There are few things in this day and age that bring people from both sides of the political aisle together in agreement. But one of the few things which does bring agreement is the need for school courses that teach students to become logical and critical thinkers.
Because few schools offer such classes, many students and parents are forced to navigate the critical thinking world on their own, and are able to do so quite successfully through the help of kid-friendly books like The Fallacy Detective, The Thinking Toolbox, and An Illustrated Book of Bad Arguments.
But there are a few schools which still offer critical thinking courses in the classroom, particularly through the likes of the International Baccalaureate’s “Theory of Knowledge” (TOK) course. Unfortunately, as Jay Mathews explains in a recent Washington Post article, even this rare course appears to be too difficult for the tastes of some.
According to Mathews, Jeremy Noonan taught the “Theory of Knowledge” course at a high school in Georgia. Noonan reports that although students found the course difficult, many liked it:
“[A]s they began to see how intriguing TOK was, attitudes improved and essay scores rose above global averages. ‘Parents regularly told me that they saw their children maturing into adult thinkers before their eyes,’ Noonan said. ‘Alumni described the advantages they had in college due to being able to argue well and think from different points of view.’”
After several years of this success, however, the school’s principal asked Noonan to “make it easier,” presumably to boost enrollment in higher level classes. When Noonan refused, the principal replaced him with a less demanding teacher. The results were predictable:
“Noonan said some students told him that TOK had become ‘the course where you go to catch up on work from your other classes.’
Noonan had assigned several graded essays each year. He said the new teacher assigned none. Noonan said his principal told him that at a regional meeting of IB principals, it was agreed that TOK should be easy and not treated as a serious course.”

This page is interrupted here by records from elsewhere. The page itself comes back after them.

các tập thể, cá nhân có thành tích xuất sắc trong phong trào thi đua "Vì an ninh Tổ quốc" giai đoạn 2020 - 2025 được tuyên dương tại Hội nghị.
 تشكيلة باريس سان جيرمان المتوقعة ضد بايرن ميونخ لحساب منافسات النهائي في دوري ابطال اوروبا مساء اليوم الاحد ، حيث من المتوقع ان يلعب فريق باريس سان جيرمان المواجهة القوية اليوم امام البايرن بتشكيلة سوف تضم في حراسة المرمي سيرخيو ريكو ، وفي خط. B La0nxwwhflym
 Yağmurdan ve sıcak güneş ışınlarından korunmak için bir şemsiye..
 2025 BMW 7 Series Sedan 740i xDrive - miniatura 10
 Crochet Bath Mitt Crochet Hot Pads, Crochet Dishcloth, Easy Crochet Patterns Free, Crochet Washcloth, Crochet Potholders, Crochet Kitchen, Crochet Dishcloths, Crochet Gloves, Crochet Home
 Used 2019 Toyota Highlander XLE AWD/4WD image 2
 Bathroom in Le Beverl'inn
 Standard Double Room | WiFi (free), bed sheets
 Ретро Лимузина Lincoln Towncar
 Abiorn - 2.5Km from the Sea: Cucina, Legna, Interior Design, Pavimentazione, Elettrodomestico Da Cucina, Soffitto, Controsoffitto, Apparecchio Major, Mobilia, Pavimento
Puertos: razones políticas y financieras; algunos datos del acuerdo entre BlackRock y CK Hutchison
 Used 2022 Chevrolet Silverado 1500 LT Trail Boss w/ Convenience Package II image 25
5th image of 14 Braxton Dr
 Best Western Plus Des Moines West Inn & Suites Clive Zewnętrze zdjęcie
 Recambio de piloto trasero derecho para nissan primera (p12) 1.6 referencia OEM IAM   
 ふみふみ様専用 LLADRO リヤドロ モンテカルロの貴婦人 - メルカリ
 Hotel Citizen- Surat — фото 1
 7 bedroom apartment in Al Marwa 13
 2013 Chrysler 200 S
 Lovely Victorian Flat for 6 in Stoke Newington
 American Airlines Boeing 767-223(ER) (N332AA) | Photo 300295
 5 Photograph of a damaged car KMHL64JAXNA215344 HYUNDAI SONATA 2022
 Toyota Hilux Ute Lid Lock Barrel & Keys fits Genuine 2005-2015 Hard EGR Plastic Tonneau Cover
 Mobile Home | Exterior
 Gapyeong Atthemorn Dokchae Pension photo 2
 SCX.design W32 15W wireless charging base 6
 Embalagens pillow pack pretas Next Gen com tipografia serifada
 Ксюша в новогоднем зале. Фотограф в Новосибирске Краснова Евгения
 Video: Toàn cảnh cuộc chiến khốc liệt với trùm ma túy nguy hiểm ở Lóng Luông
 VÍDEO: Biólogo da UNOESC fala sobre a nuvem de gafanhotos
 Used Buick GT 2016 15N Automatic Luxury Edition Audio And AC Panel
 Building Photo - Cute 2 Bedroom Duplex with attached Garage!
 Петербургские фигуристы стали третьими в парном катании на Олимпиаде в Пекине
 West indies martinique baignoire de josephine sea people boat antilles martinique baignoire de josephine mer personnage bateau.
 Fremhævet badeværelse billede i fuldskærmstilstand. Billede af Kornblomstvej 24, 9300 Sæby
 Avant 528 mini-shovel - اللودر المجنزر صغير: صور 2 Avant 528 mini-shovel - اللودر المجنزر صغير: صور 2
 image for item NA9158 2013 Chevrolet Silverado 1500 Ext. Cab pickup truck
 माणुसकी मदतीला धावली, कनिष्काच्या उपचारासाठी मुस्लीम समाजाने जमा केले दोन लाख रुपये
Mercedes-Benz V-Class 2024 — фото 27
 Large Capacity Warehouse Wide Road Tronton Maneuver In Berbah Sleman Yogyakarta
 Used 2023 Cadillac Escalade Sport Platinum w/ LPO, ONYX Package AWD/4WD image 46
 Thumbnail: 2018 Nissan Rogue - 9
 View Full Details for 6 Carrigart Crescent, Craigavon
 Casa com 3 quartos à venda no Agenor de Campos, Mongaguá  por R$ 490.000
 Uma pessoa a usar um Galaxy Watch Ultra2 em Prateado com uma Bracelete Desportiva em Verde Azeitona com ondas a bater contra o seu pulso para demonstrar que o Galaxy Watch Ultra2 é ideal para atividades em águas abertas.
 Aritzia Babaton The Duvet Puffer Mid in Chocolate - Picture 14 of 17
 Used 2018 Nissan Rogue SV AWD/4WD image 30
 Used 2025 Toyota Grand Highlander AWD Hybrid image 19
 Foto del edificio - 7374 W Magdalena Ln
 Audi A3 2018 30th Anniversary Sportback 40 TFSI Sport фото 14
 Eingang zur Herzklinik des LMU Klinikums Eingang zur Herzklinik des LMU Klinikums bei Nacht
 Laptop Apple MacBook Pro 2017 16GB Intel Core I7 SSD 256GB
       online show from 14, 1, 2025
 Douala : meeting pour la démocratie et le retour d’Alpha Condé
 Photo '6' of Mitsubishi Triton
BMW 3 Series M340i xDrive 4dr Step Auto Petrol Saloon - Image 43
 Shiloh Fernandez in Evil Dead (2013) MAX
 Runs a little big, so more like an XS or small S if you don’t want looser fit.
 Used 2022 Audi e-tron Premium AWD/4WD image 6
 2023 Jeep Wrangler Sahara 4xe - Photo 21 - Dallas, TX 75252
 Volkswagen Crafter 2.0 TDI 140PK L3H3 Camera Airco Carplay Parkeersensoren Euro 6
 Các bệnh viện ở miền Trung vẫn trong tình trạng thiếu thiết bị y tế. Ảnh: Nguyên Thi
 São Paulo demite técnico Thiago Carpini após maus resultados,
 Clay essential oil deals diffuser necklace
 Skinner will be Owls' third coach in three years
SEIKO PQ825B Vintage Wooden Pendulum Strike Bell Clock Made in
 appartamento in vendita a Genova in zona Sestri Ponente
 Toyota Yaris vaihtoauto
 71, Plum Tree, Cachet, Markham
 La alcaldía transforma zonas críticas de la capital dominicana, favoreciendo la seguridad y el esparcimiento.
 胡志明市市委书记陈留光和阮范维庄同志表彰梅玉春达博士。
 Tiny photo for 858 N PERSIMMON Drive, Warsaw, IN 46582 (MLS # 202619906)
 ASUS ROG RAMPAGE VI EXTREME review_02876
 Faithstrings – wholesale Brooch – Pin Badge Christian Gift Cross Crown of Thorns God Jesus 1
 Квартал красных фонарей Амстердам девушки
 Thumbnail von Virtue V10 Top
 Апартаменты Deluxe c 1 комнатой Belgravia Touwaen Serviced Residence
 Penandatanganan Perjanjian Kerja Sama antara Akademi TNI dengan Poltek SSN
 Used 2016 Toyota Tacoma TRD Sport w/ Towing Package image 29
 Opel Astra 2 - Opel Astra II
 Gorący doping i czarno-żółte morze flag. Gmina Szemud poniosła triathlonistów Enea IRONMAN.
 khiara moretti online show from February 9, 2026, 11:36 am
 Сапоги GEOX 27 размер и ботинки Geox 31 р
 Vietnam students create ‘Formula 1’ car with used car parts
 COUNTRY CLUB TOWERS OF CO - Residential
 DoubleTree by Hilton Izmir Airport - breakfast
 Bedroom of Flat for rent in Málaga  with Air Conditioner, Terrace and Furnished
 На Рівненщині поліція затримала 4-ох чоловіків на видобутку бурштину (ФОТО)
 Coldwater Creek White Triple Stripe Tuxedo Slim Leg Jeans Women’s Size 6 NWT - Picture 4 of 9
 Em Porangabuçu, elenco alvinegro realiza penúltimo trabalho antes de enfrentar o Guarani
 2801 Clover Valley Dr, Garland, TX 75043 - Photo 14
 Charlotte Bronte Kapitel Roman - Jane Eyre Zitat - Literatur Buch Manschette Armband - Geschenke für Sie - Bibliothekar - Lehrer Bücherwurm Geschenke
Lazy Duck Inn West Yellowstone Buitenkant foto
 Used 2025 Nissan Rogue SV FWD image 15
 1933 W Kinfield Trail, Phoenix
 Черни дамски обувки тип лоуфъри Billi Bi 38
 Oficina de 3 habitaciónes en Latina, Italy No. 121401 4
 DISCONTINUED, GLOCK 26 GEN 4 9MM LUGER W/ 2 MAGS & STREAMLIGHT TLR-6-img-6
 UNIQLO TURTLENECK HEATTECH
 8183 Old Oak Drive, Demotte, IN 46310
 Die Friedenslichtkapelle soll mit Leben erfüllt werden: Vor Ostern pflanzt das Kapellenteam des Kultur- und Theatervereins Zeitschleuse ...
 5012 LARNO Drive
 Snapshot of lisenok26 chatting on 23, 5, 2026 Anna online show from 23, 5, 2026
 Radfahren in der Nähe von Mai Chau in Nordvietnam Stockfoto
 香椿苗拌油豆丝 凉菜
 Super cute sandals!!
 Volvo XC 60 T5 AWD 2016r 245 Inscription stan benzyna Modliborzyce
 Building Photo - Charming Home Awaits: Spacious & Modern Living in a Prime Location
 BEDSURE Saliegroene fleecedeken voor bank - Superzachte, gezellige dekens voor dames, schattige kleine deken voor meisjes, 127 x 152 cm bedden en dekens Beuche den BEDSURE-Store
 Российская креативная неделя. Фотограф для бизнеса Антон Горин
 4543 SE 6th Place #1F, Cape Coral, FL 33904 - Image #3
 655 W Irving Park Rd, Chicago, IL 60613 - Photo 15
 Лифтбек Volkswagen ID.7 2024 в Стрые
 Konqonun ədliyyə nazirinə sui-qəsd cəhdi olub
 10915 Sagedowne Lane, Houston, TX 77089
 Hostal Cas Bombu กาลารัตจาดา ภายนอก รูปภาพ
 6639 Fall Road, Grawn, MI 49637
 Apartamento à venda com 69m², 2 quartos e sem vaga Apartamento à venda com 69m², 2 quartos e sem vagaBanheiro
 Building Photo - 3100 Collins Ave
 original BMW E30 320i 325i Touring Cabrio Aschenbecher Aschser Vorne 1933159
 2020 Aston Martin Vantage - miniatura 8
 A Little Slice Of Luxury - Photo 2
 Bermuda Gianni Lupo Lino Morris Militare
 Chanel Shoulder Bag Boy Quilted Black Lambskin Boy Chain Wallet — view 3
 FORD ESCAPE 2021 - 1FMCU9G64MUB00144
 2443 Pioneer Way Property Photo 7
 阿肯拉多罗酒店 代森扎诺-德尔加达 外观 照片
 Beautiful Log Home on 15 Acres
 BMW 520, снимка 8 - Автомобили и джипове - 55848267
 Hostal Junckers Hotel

In his famous work, The Abolition of Man, C.S. Lewis declared:
“The right defence against false sentiments is to inculcate just sentiments. By starving the sensibility of our pupils we only make them easier prey to the propagandist when he comes. For famished nature will be avenged and a hard heart is no infallible protection against a soft head.”
Given the above scenario, one has to wonder if we are starving our students not only in the failure to offer critical thinking and logic courses, but also in the failure to make them genuinely challenging. If so, is the latter problem the greater sin? Will students be all the more likely to fall prey to propaganda if they think they have effective weapons to combat it, when in fact they have nothing more than an inflated opinion of their own critical thinking skills?